Natural language processing is a key component in many data science systems that must understand or reason about text. Common use cases include question answering, paraphrasing or summarization, sentiment analysis, natural language BI, language modeling, and disambiguation. Building such systems usually requires combining three types of software libraries: NLP annotation frameworks, machine learning frameworks, and deep learning frameworks.
David Talby, Claudiu Branzan, and Alex Thomas lead a hands-on tutorial on scalable NLP using spaCy for building annotation pipelines, TensorFlow for training custom machine-learned annotators, and Spark ML and TensorFlow for using deep learning to build and apply word embeddings. You’ll spend about half your time coding as you work through three sections, each with an end-to-end working codebase that you are then asked to change and improve.

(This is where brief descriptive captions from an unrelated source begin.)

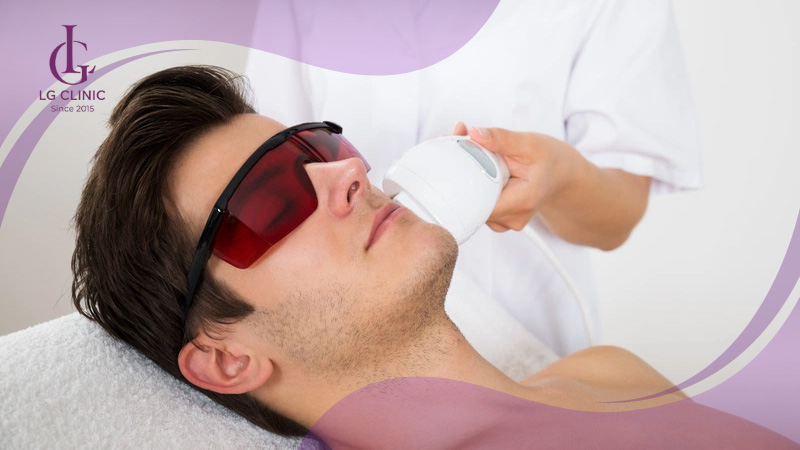 triệt râu vĩnh viễn là gì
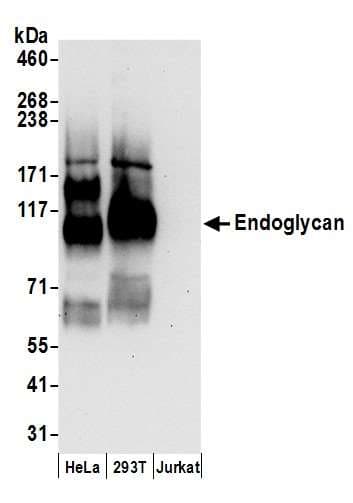 Polyclonal Rabbit anti-Human PODXL2 / Endoglycan Antibody (aa300-350, WB)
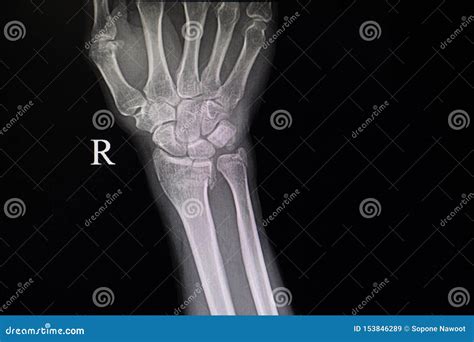 Xray Film Of Fracture Wrist Bones Stock Image Image Of Operation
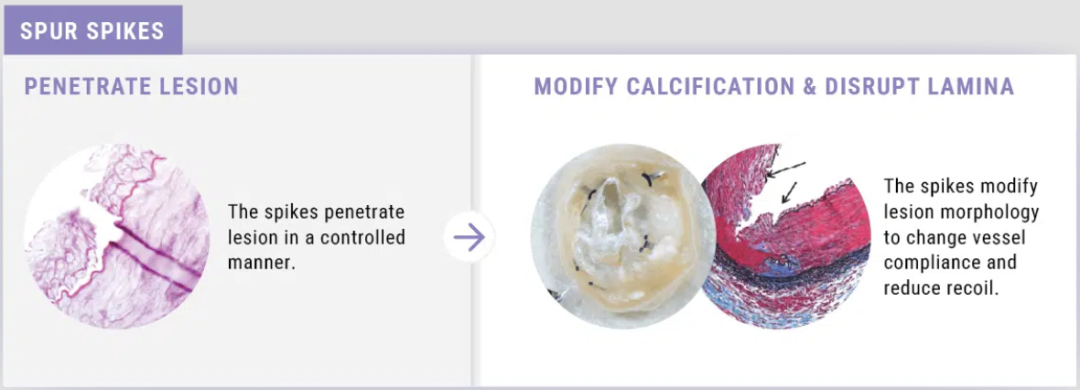 什么是外周支架雁过留声, 但它什么也没留下-外周可回收支架系统_https://www.jmylbn.com_新闻资讯_第18张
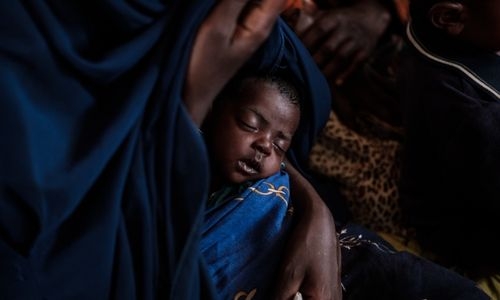 Undernutrition in mothers is rising sharply: UNICEF Undernutrition in mothers is rising sharply: UNICEF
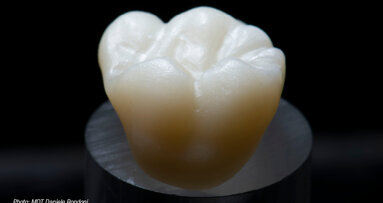 KATANA Zirconia YML: Reinventing multilayered zirconia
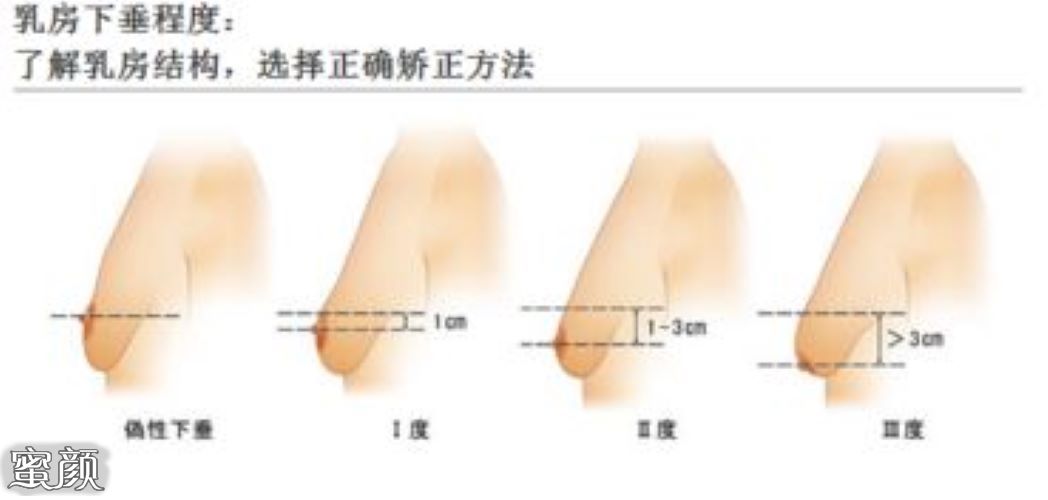 案例图片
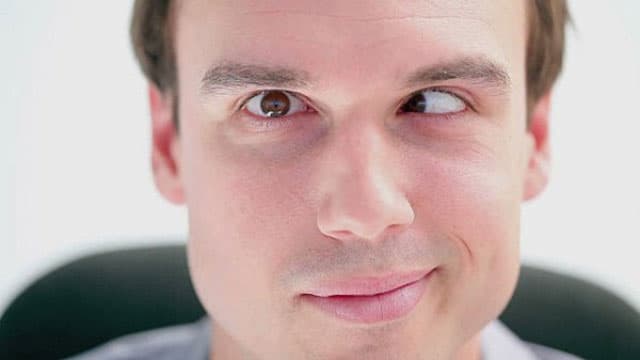 mắt lé là hậu quả của 2 mắt tật khúc xạ không đều gây ra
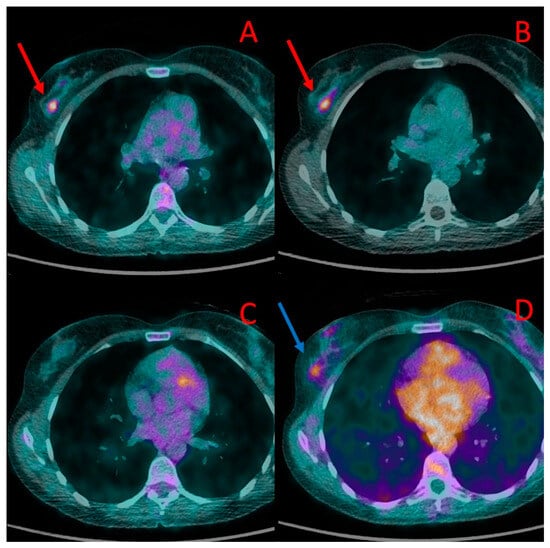 Cancers 16 00667 g001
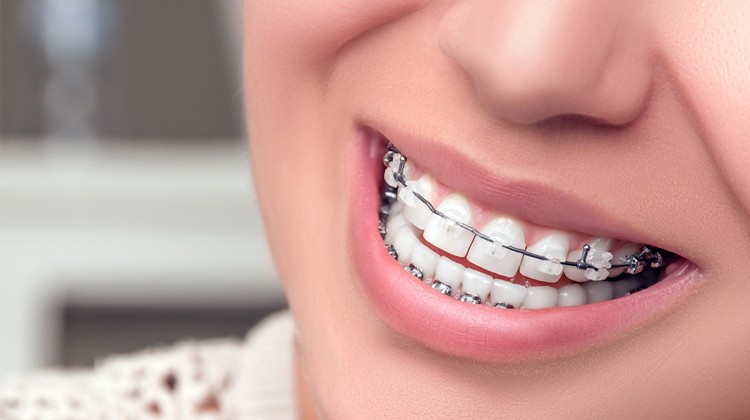 Cái răng cái tóc là góc con người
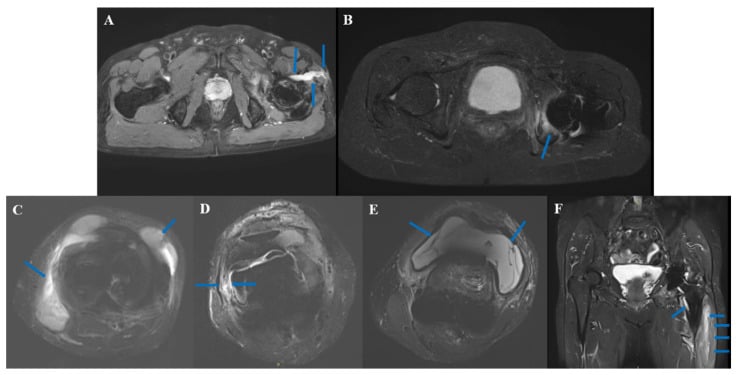 Six-panel MARS MRI characteristic findings in prosthetic joint infection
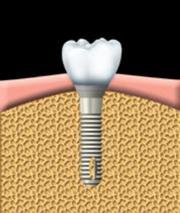 An artificial tooth is attached to the abutment. Properly fitting the artificial tooth may take several appointments.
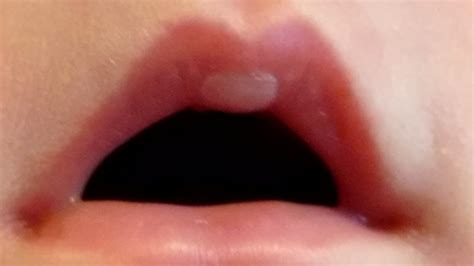 Blister On Baby Lip: Causes, Treatments And More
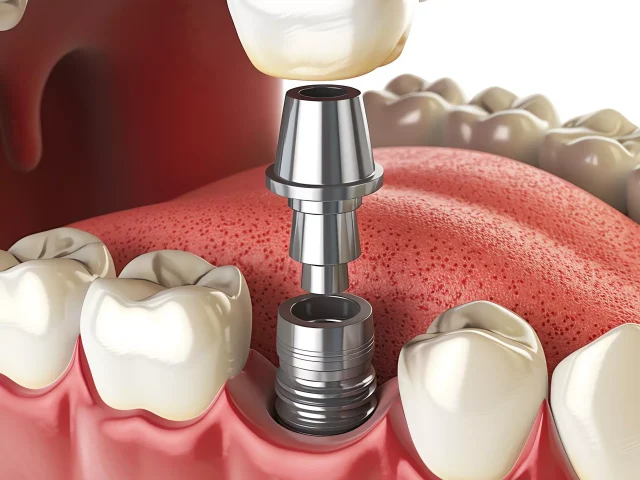 Implants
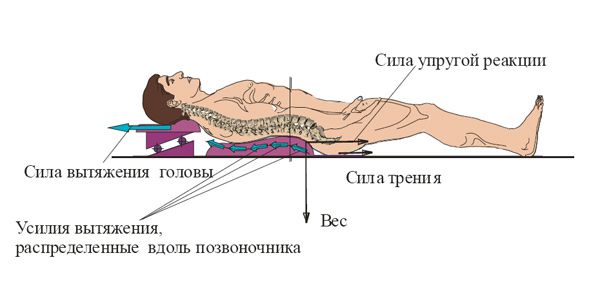 Действующие силы на пациента Механизм воздействия на позвоночник пациента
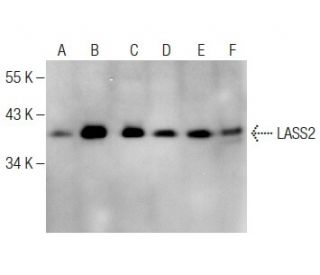 LASS2 Antibody (FT-7): sc-100553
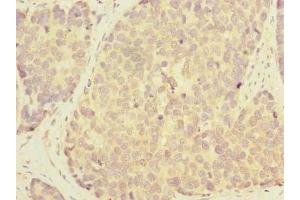 Immunohistochemistry of paraffin-embedded human gastric cancer using ABIN7163860 at dilution of 1:100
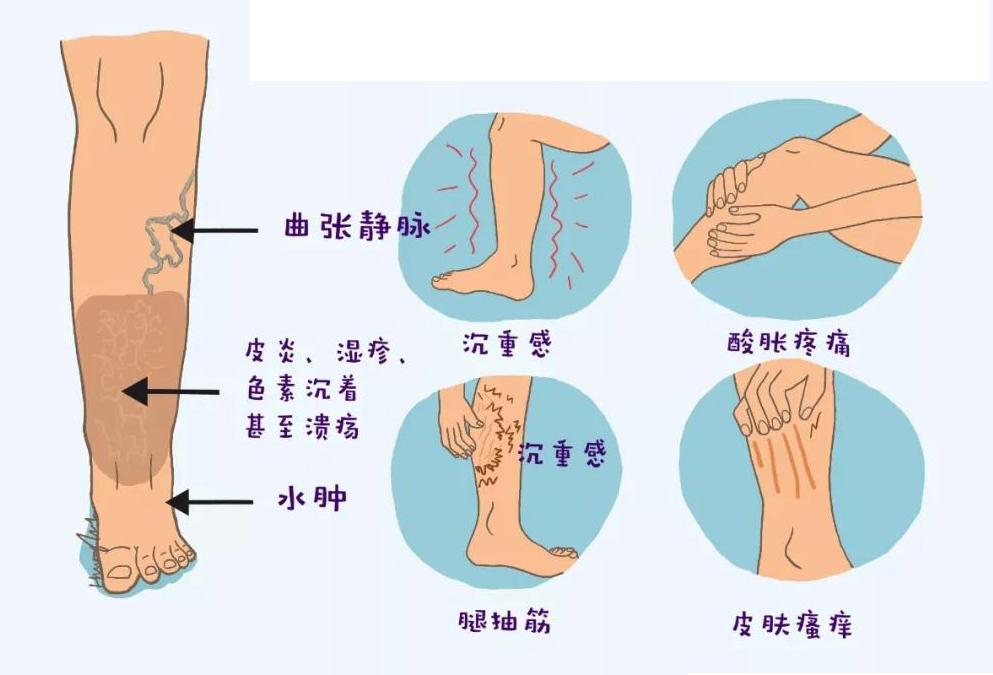 医生我的静脉曲张严重吗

David Talby is a chief technology officer at Pacific AI, helping fast-growing companies apply big data and data science techniques to solve real-world problems in healthcare, life science, and related fields. David has extensive experience in building and operating web-scale data science and business platforms, as well as building world-class, Agile, distributed teams. Previously, he was with Microsoft’s Bing Group, where he led business operations for Bing Shopping in the US and Europe, and worked at Amazon both in Seattle and the UK, where he built and ran distributed teams that helped scale Amazon’s financial systems. David holds a PhD in computer science and master’s degrees in both computer science and business administration.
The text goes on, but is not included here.